For new, full-service hotels in the midscale to high-end categories that opened from 2001 to 2005, "other income," such as sales from retail shops and other businesses not operated by the hotel, was almost 36 percent higher last year than for hotels built from 1980 to 1999, according to Boulder, Colo.- based STR Analytics, a unit of hotel-data provider STR Global.
"Newer hotels were built with more revenue efficiency in mind, and space that might have been wasted in earlier- constructed hotels was replaced in newer hotels by additional outlets and revenue-creating facilities," Carter Wilson, a director at STR Analytics, said in a telephone interview.
While rooftop bars have been around for decades, they only recently have become a significant source of additional income, particularly at urban hotels in such cities as New York, according to a December study by Jones Lang LaSalle Hotels, part of Chicago-based broker Jones Lang LaSalle.
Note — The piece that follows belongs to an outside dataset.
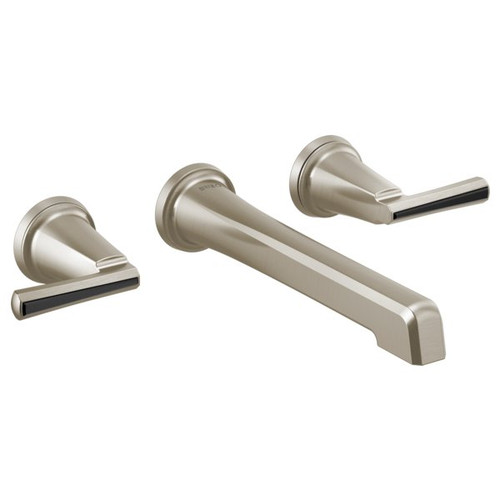 Brizo Levoir(TM): Two-Handle Wall Mount Lavatory Faucet - Less Handles 1.2 GPM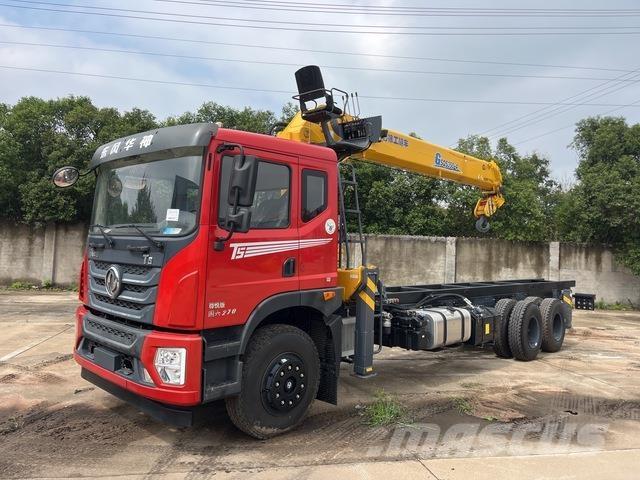 Dongfeng T5 Żurawie samochodowe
In New York City, there are 35 properties ranging from midscale to luxury with a rooftop venue, many of which were recently added, Jones Lang said. Such businesses may produce revenue of as much as $120 per square foot in a month with high demand and "tend to be profitable venues," Jones Lang said in the report. That compares to $40 a square foot of room revenue during a peak-season month at an upscale hotel in a large city, according to Amelia Lim, a Jones Lang executive vice president.
"What we've been seeing in rooftop bars and other additional revenue-producing venues is the use of under-used real estate," she said in a telephone interview.
Hyatt's Andaz 5th Avenue boutique hotel at Bryant Park features a meeting venue on the second floor, called Apartment 2E, that resembles residential space with a fully equipped open kitchen in its center, a bar and an outdoor courtyard. During the day, its individual rooms are used for business meetings, and in the evening the entire space can be rented for private cooking parties.